The big difference between the current economic situation and those recessions is that the catalyst has not been the cycle of boom and bust but rather the unique impact of a global pandemic. Whereas previous recessions saw a huge spike in lender claims for losses incurred on property loans and claims for over-bullish investment advice, on this occasion the types of claims arising may be a lot more varied:
- Claims for inadequate insurance advice. The Supreme Court has recognised (in a case brought by the FCA on behalf of policyholders) the effectiveness of many business interruption insurance clauses in providing cover in particular for losses sustained as a result of Government restrictions imposed to combat the pandemic. Many businesses in the hospitality and entertainment sector which did not have relevant cover may be looking hard at the advice which they received from brokers pre-pandemic and brokers as a result will be looking carefully at their E&O cover.
- Claims for over-valuation in the face of the economic turbulence of the pandemic and failure by advisers to anticipate the possible extent and impact of the pandemic. Global stock and property markets have remained relatively constant, but economists do predict a re-balancing of markets as the new normal emerges post-pandemic and there will be winners and losers arising from that.
- Claims against medical and healthcare sectors for not responding quickly enough to the risks and challenges of the pandemic. Whilst we have all rallied behind the NHS in its response to the pandemic, it would be wrong not to accept that there have been misjudgements along the way and there may be claims to be considered in due course.
The biggest challenge, of course, in relation to such claims will be cost-effective pursuit and the sourcing of litigation funding. In this regard a number of factors should in fact increase the options for claimants:
- The Civil Litigation (Expenses & Group Proceedings)(Scotland) Act 2018 is now largely in force. This enables solicitors to enter into Damages Based Agreements (contingency fees based on the a percentage of the award/settlement); to gather together groups of similar claims to pursue together (at much reduced cost); to access litigation funding from commercial funders (of whom there are many in the market); and to purchase After the Event Insurance to protect against adverse costs awards in the event of failure (except in the case of personal injury and medical negligence claims where “One Way Cost Shifting” means claimants will not be liable for expenses from the end of June this year).

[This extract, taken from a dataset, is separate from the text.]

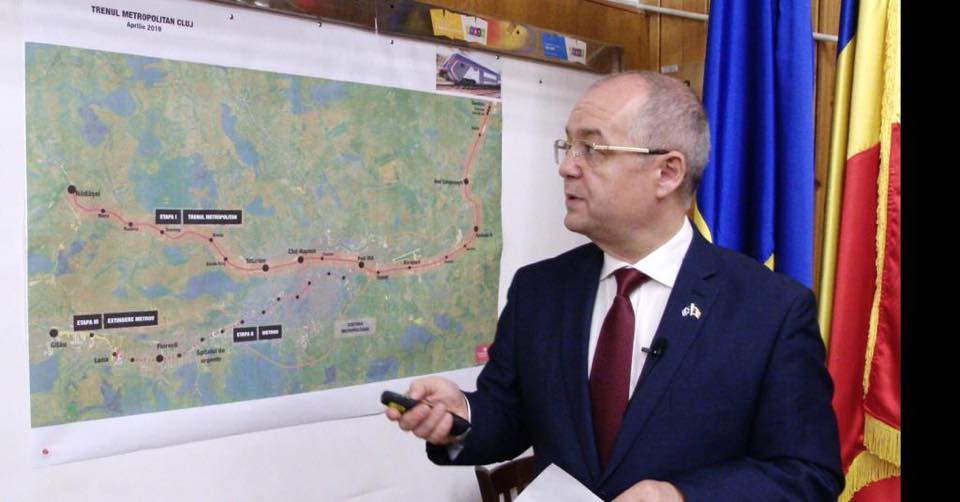 Emil Boc dă asigurări: „Trenul metropolitan SE FACE”. FOTO: Facebook/ Emil Boc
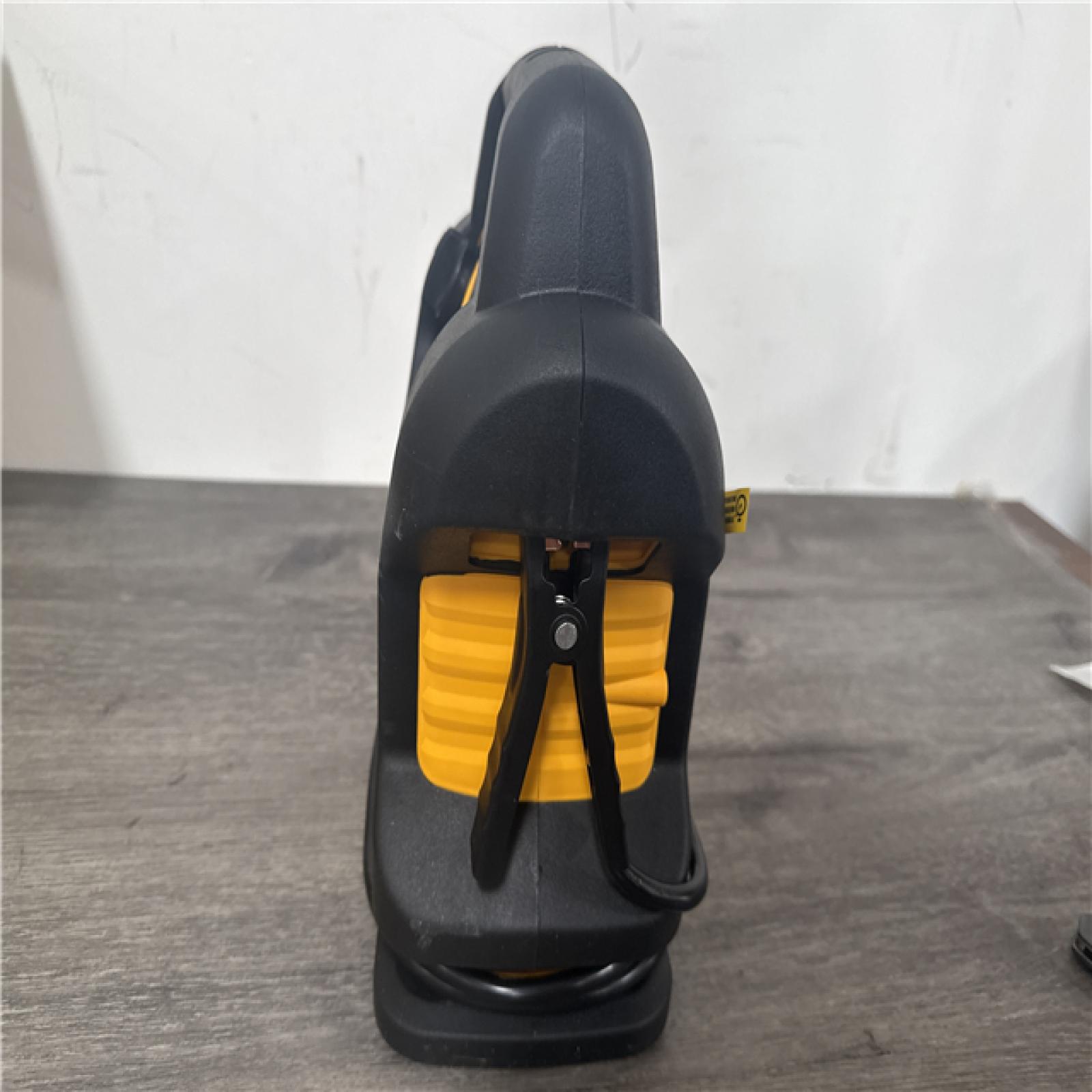 CALIFORNIA AS IS DEWALT DXAEJ14 JUMP STARTER WITH AIR COMPRESSOR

- Litigation Funders and insurers are, as a result, actively looking to invest in Scottish claims and we are seeing regular contact from them offering a variety of interesting options.
- The Courts have embraced technology and remote hearings and electronic filings are the order of the day (with great benefits in cost and efficiency). Likewise, mediation and ADR are using technology to speed up resolution and cut cost and travel inconvenience. Delay, worry and expense need no longer be the prime fear of the potential claimant.
Even the most hardened crystal ball gazers are reluctant, given the events of 2020, to make rash predictions. However, what we can say is that improved claims handling and increased PI cover in the market present a real and important option for businesses and individuals struggling with the economic implications of what has happened to them.